4° Que des concessions de terrains pourront être faites aux personnes qui en feront la demande moyennant certaines conditions. (Articles 10 et 11.)
5° Que chaque citoyen peut sans autorisation placer sur la tombe de son parent ou de son ami une pierre sépulcrale ou tout autre signe indicatif de sépulture. (Article 12.)
6° Que toute personne pourra être enterrée dans sa propriété, pourvu qu'elle soit située à la distance prescrite des villes et des bourgs. (Article 14.)
7° Que tous les lieux de sépulture sont sous l'autorité, la police et la surveillance des administrations communales. (Article 10.)
8° Que dans tous les cas l'autorité civile est chargée de faire inhumer les corps. (Article 19.)
9° Que le mode le plus convenable pour le transport des corps est réglé par le maire. (Article 21.)
Nous n'avons pas à nous occuper de cette partie du décret de prairial, qui ne saurait être en contradiction avec aucune disposition constitutionnelle, et qui subsiste par conséquent de la façon la plus complète.
Quant aux articles relatifs à la partie religieuse des inhumations, ils se résument de la manière suivante :
1° Dans les communes où l'on professe plusieurs cultes, chaque culte doit avoir son lieu d'inhumation particulier, et dans le cas où il n'y aurait qu'un cimetière, on le partagera par des murs, haies ou fossés en' autant de parties qu'il y a de cultes différents avec une entrée particulière pour chacun et en proportionnant cet espace au nombre des habitants de chaque culte. (Article 15.)

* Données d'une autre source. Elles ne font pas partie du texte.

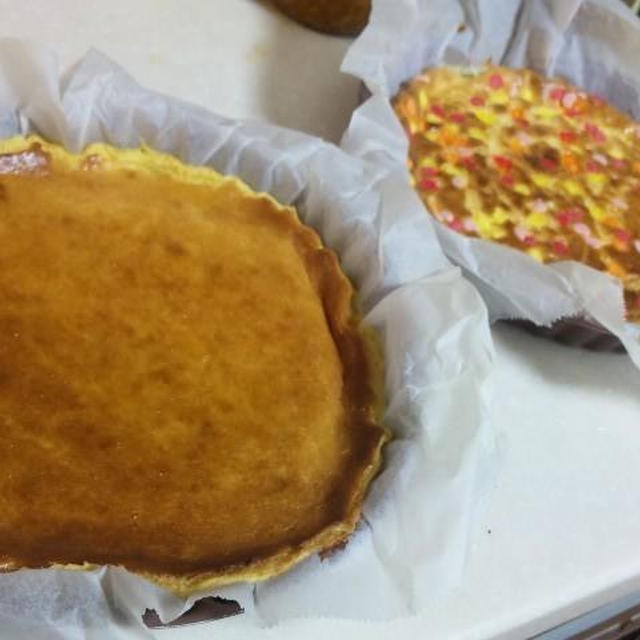 2種類の焼くだけ チーズケーキ カロリーｏｆｆ マーマレードｃｃ ヨーグルトｃｃ キッチン ラボ By はるこさん レシピブログ 料理ブログのレシピ満載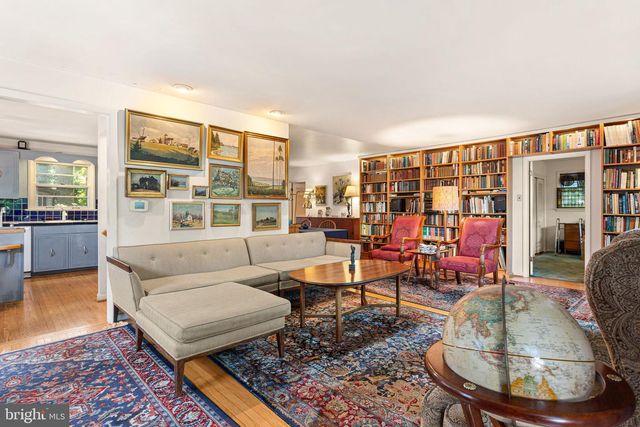 833 LONGWOOD DR, Haddonfield, NJ 08033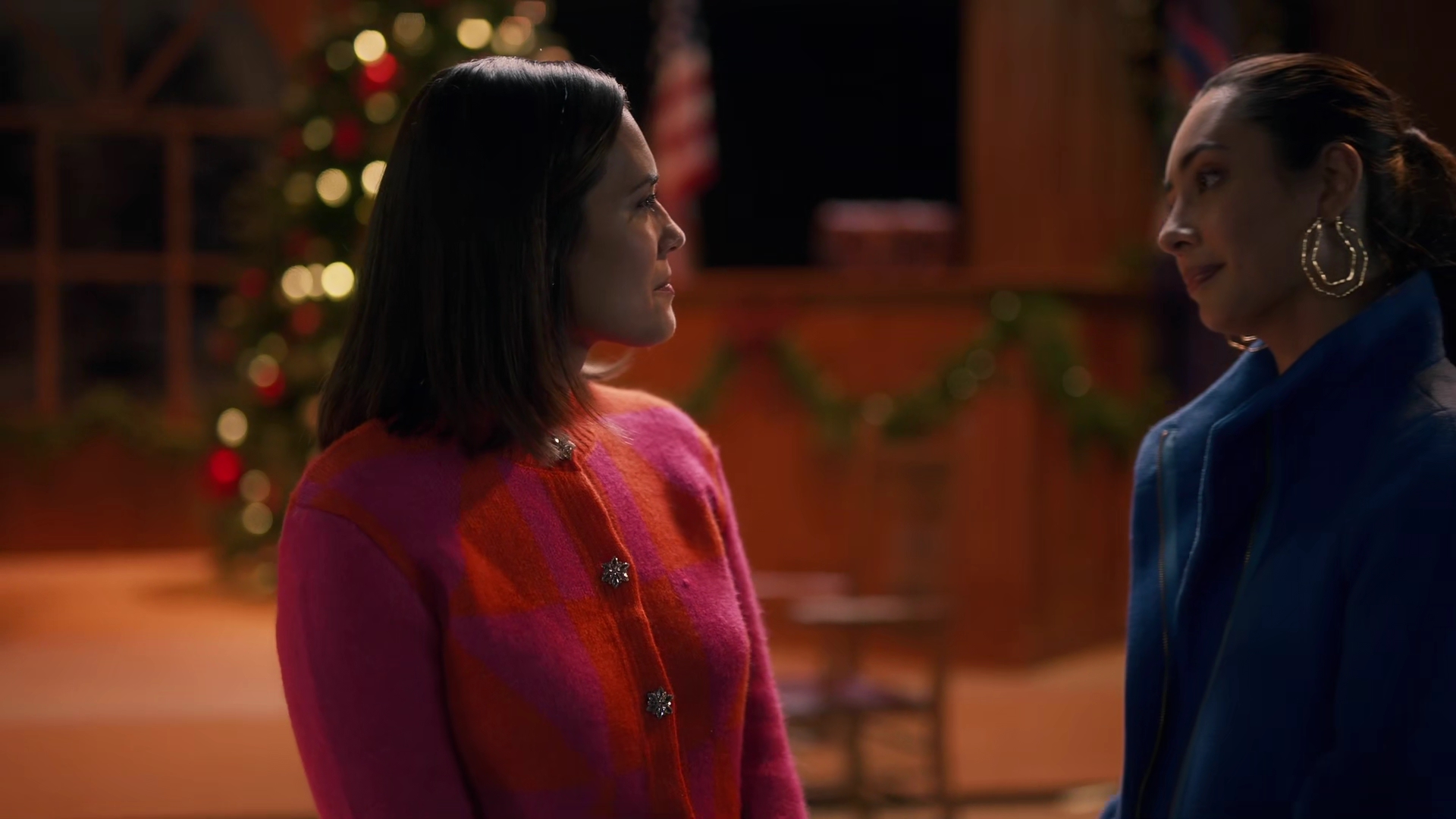 vampirediariesworld-dot-nl_TwasTheNightBeforeChristmas4011.jpg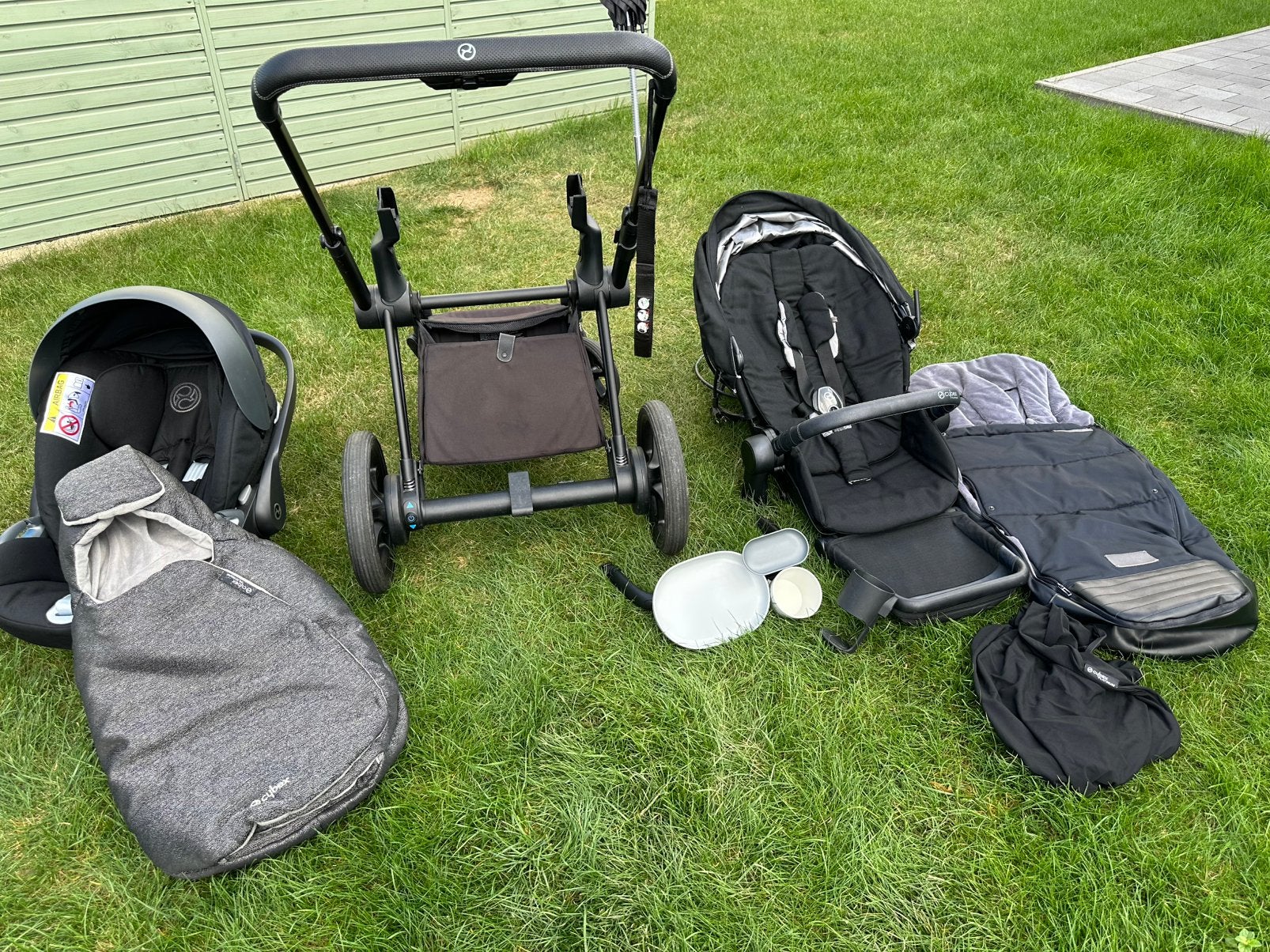 Cybex e-Priam complète + nombreux accessoires – batterie HS, Autres marques, Poussette combi, Enlèvement, Utilisé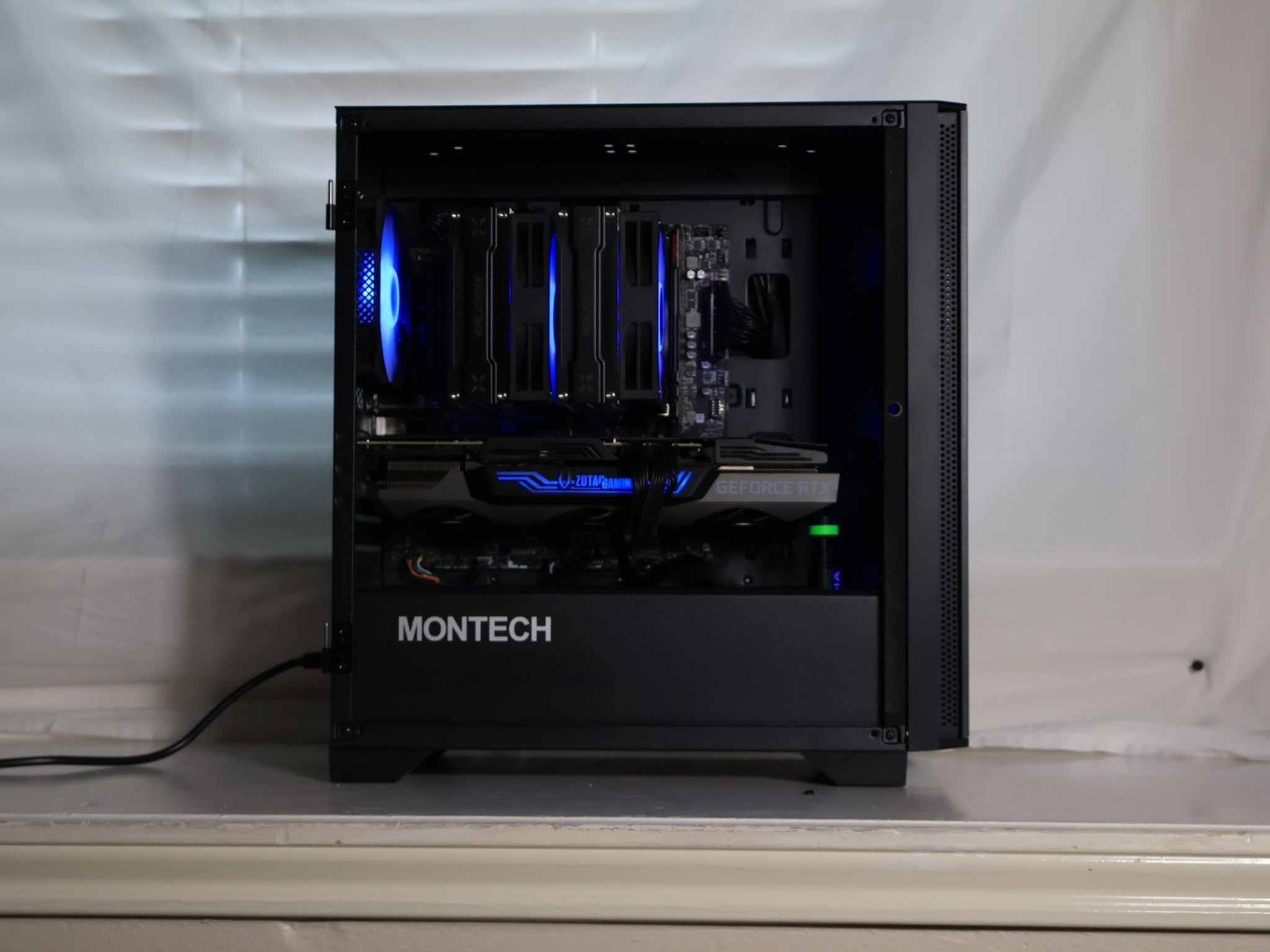 🩵👑Blue Ice| RTX 3070 ti Ryzen 7👑🩵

2° Les cérémonies religieuses sont rétablies. Mais hors de l'enceinte des églises et des lieux de sépulture, les cérémonies religieuses ne sont permises que dans les communes où l'on ne professe qu'un seul culte. (Article 18.)
3° Lorsque le ministre d'un culte, sous quelque prétexte que ce soit, se permettra de refuser son ministère pour l'inhumation d'un corps, l'autorité civile, soit d'office, soit sur la réquisition de la famille, commettra un autre ministre du même culte pour remplir ces fonctions. (Article 19.)
4° Dans tous les cas, l'autorité civile est chargée de faire présenter, déposer et inhumer les corps. (Article 19.)
5° Les frais et rétributions à payer aux ministres du culte et aux individus attachés aux églises et aux temples pour leur assistance aux services et cérémonies seront réglés par le gouvernement, sur l'avis des évêques et des consistoires. (Article 20.)
6° Les fabriques et les consistoires ont le monopole des enterrements et des fournitures pour les funérailles. Ils peuvent affermer ce droit avec l'approbation de l'autorité civile sous la surveillance de laquelle ils sont placés. (Article 22.)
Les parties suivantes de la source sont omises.